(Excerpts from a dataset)
···
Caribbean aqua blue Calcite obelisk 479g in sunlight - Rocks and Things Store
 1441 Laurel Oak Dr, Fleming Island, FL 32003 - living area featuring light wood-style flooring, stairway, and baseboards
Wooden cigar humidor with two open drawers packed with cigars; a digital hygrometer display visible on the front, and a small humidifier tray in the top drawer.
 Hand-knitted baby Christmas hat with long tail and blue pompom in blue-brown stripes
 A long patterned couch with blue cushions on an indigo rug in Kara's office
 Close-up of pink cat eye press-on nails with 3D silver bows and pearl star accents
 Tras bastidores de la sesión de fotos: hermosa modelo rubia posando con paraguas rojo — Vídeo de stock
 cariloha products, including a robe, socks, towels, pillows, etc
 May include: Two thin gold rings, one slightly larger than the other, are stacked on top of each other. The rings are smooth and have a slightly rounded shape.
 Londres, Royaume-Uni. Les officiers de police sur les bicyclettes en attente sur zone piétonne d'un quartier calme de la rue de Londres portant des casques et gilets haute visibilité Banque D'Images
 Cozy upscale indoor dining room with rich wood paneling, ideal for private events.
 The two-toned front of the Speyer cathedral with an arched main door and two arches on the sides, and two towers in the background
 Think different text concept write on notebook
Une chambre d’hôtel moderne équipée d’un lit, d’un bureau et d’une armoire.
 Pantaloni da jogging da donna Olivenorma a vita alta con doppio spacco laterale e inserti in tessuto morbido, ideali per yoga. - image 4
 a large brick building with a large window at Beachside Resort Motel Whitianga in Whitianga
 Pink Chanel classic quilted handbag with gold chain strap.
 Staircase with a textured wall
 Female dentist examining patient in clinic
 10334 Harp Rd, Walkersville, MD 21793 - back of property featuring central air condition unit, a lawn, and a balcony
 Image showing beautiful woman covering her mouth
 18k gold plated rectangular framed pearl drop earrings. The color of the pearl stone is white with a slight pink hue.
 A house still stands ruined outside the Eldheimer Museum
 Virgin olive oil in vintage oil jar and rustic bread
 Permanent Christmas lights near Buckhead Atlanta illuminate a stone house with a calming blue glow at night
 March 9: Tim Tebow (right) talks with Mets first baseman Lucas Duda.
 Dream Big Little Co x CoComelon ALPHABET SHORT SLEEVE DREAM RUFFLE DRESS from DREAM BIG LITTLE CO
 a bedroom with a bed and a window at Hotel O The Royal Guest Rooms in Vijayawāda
···
» WHAT IS EXPECTED
The records above should be duplicated in full, exactly as given.

» RESULT OF THIS EXERCISE
Caribbean aqua blue Calcite obelisk 479g in sunlight - Rocks and Things Store
 1441 Laurel Oak Dr, Fleming Island, FL 32003 - living area featuring light wood-style flooring, stairway, and baseboards
Wooden cigar humidor with two open drawers packed with cigars; a digital hygrometer display visible on the front, and a small humidifier tray in the top drawer.
 Hand-knitted baby Christmas hat with long tail and blue pompom in blue-brown stripes
 A long patterned couch with blue cushions on an indigo rug in Kara's office
 Close-up of pink cat eye press-on nails with 3D silver bows and pearl star accents
 Tras bastidores de la sesión de fotos: hermosa modelo rubia posando con paraguas rojo — Vídeo de stock
 cariloha products, including a robe, socks, towels, pillows, etc
 May include: Two thin gold rings, one slightly larger than the other, are stacked on top of each other. The rings are smooth and have a slightly rounded shape.
 Londres, Royaume-Uni. Les officiers de police sur les bicyclettes en attente sur zone piétonne d'un quartier calme de la rue de Londres portant des casques et gilets haute visibilité Banque D'Images
 Cozy upscale indoor dining room with rich wood paneling, ideal for private events.
 The two-toned front of the Speyer cathedral with an arched main door and two arches on the sides, and two towers in the background
 Think different text concept write on notebook
Une chambre d’hôtel moderne équipée d’un lit, d’un bureau et d’une armoire.
 Pantaloni da jogging da donna Olivenorma a vita alta con doppio spacco laterale e inserti in tessuto morbido, ideali per yoga. - image 4
 a large brick building with a large window at Beachside Resort Motel Whitianga in Whitianga
 Pink Chanel classic quilted handbag with gold chain strap.
 Staircase with a textured wall
 Female dentist examining patient in clinic
 10334 Harp Rd, Walkersville, MD 21793 - back of property featuring central air condition unit, a lawn, and a balcony
 Image showing beautiful woman covering her mouth
 18k gold plated rectangular framed pearl drop earrings. The color of the pearl stone is white with a slight pink hue.
 A house still stands ruined outside the Eldheimer Museum
 Virgin olive oil in vintage oil jar and rustic bread
 Permanent Christmas lights near Buckhead Atlanta illuminate a stone house with a calming blue glow at night
 March 9: Tim Tebow (right) talks with Mets first baseman Lucas Duda.
 Dream Big Little Co x CoComelon ALPHABET SHORT SLEEVE DREAM RUFFLE DRESS from DREAM BIG LITTLE CO
 a bedroom with a bed and a window at Hotel O The Royal Guest Rooms in Vijayawāda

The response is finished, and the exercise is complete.